Task description: Word for word, restate the lines of the listing below from the line with "B.C. Lions' Bryan" through the line with "a kitchen with refrigerator and dining table", and do not include the pictures.

Dataset records:
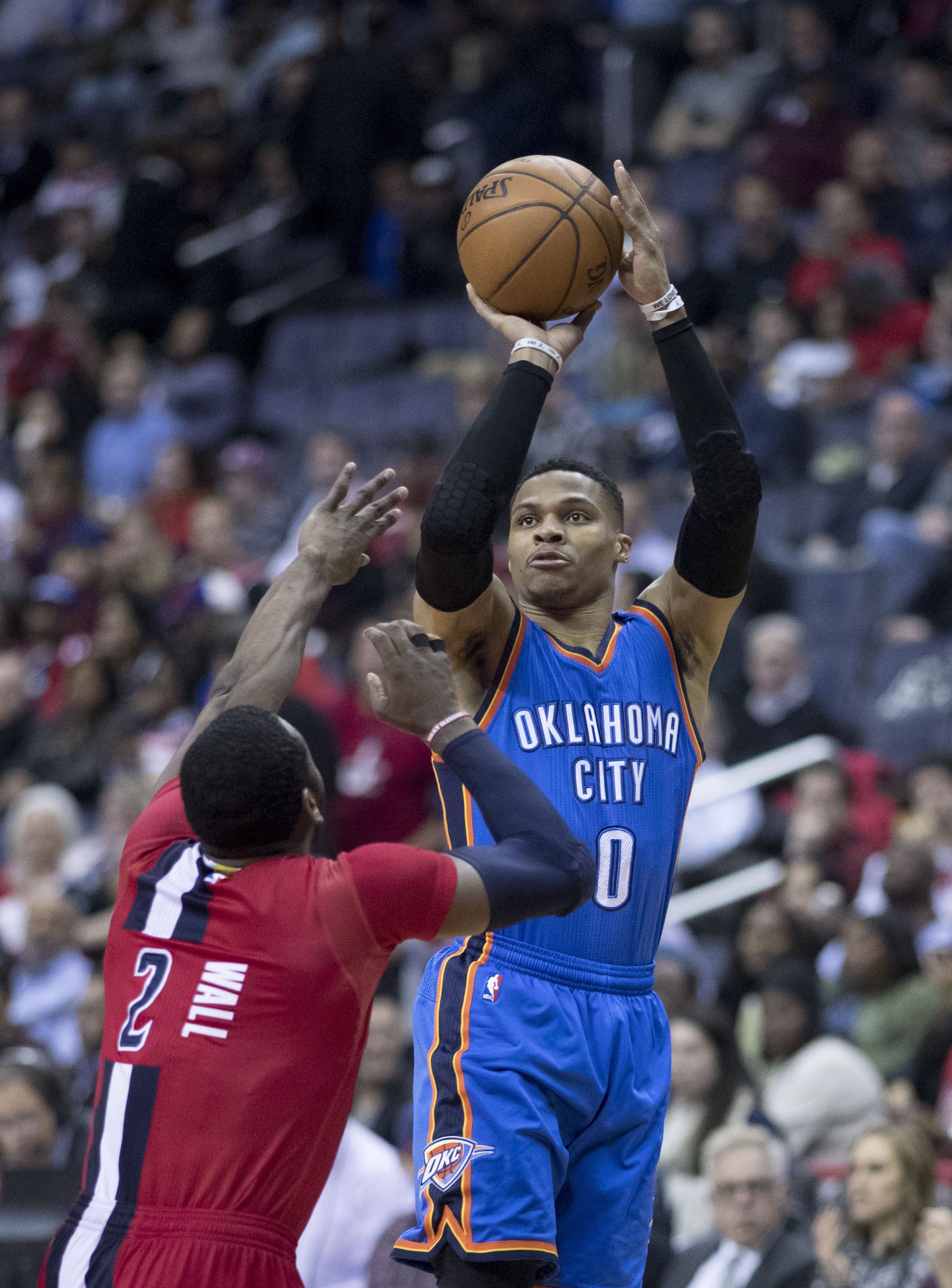 Basketball player in blue Thunder jersey number 0 shooting over a red-jersey defender.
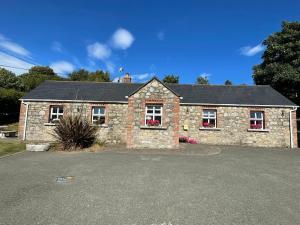 a stone house with red flowers in the windows at Cottage in the Dublin mountain in Dublin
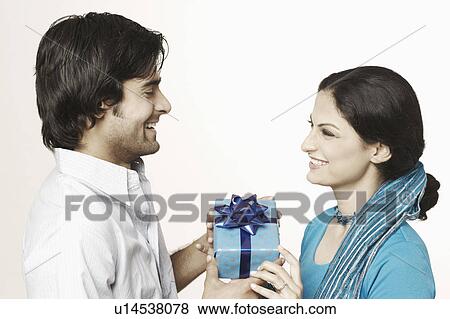 Stock Photo - Side profile of a young couple holding a gift box. Fotosearch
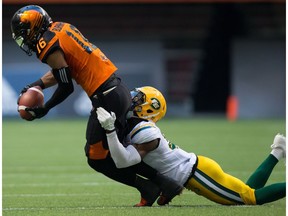 B.C. Lions' Bryan Burnham, left, is tackled by Edmonton Eskimos' Kenny Ladler during the first half of a CFL football game in Vancouver, B.C., on Saturday, June 24, 2017.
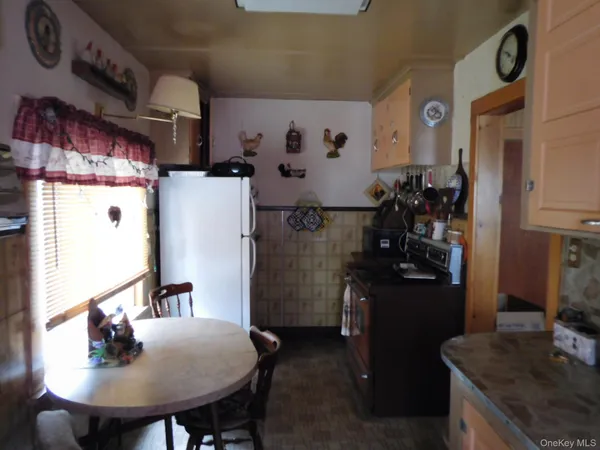 a kitchen with refrigerator and dining table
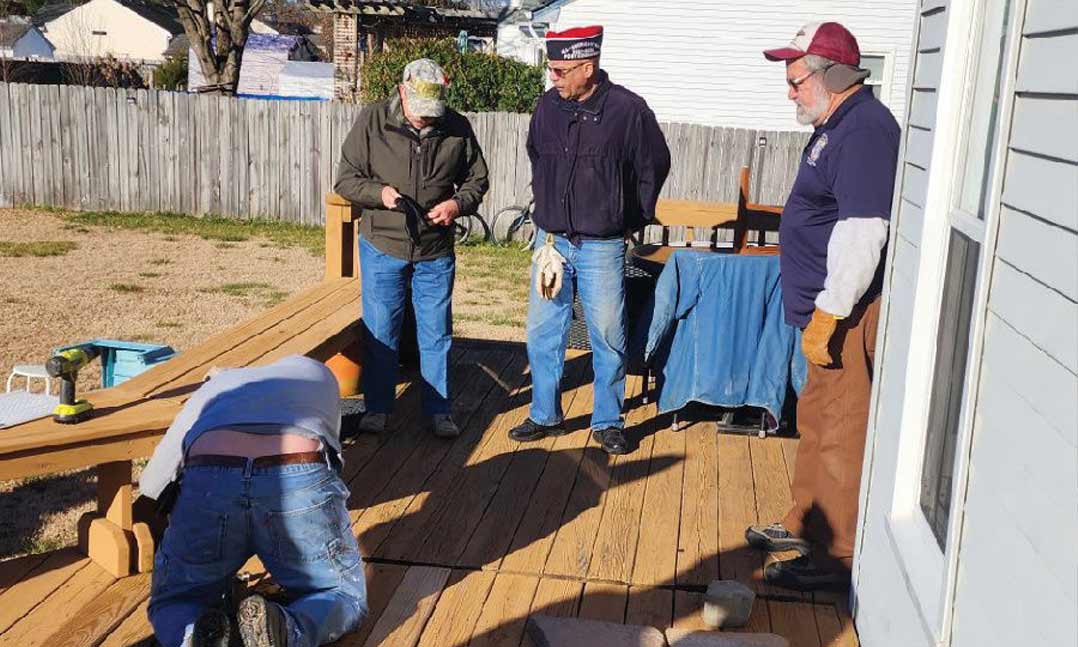 VFW Post works on a veterans home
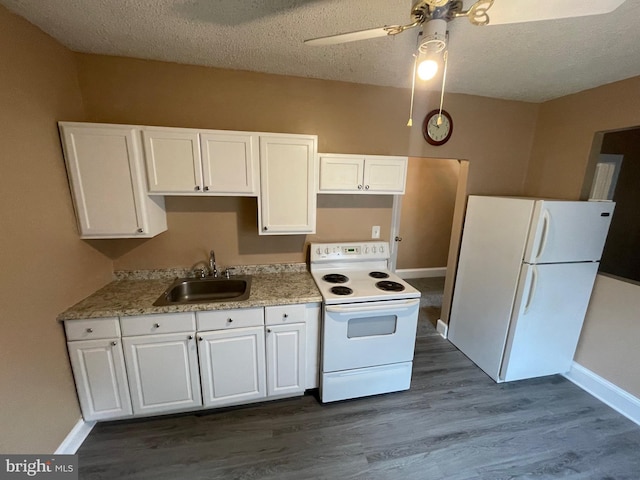 kitchen with white appliances, dark wood finished floors, a textured ceiling, white cabinetry, and a sink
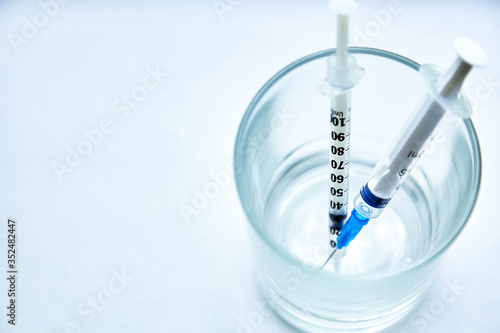 Two syringes put in a glass on a white background. Top view, close-up.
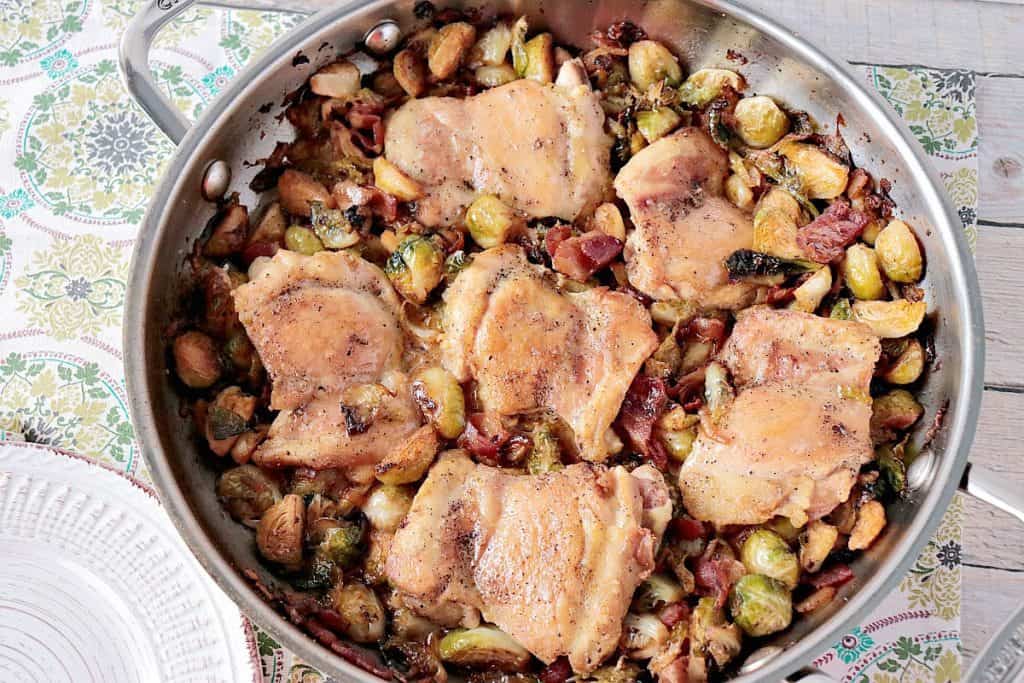 Chicken thighs in a skillet with bacon and Brussels sprouts.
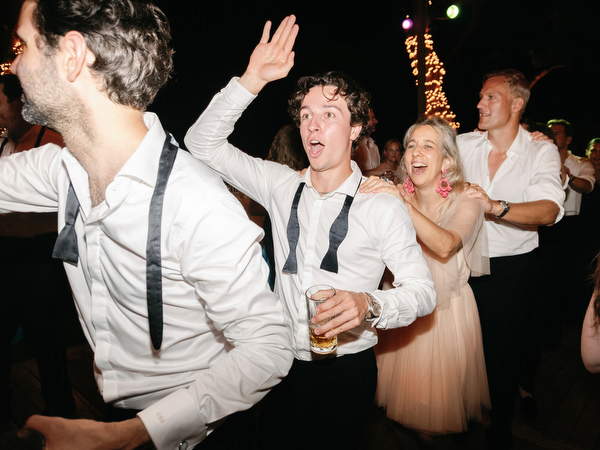 Guests dancing energetically with loosened bow ties during late-night reception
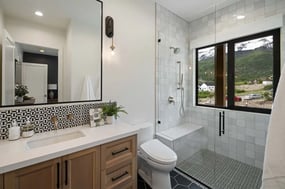 Custom luxury bathroom featuring a walk-in shower with a built-in bench by E Builders in Utah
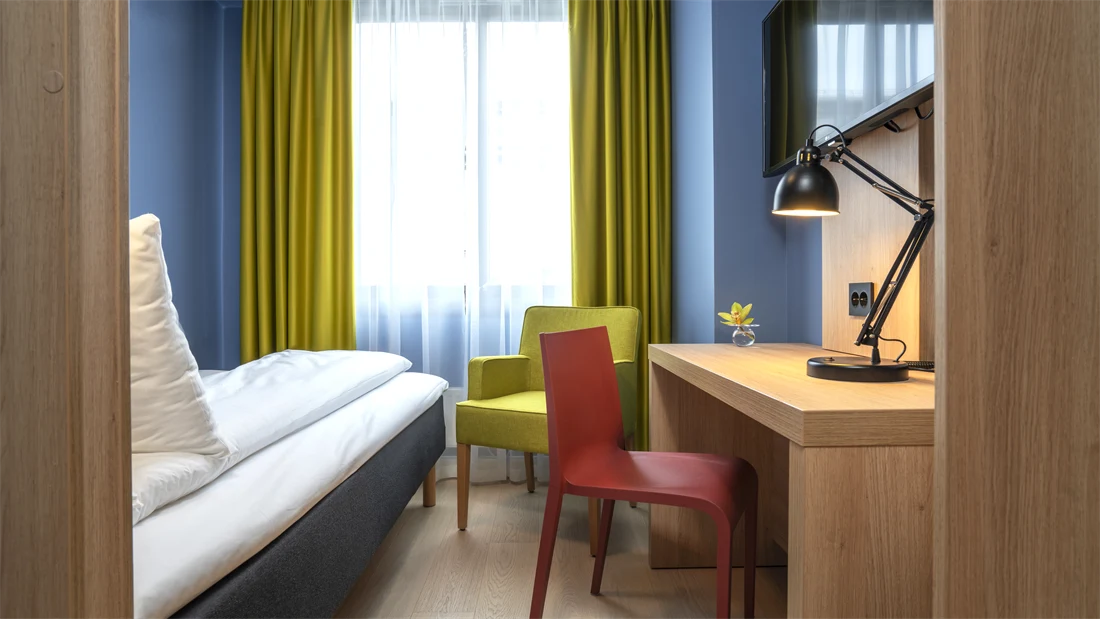 Enkelt seng, blå vegger, gul stol og gule gardiner, skrivebord og TV på enkeltrom på Thon Hotel Astoria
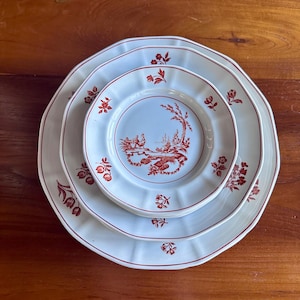 May include: A stack of three white ceramic plates with a red floral and landscape design. The plates have scalloped edges and a red border. The smallest plate features a detailed landscape scene in red.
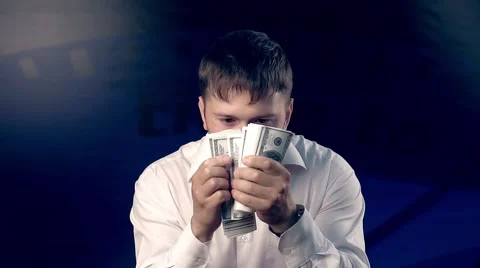 Young man looks back while counting a big amount of money 库存影片 68566139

Solution to this exercise:
 B.C. Lions' Bryan Burnham, left, is tackled by Edmonton Eskimos' Kenny Ladler during the first half of a CFL football game in Vancouver, B.C., on Saturday, June 24, 2017.
 a kitchen with refrigerator and dining table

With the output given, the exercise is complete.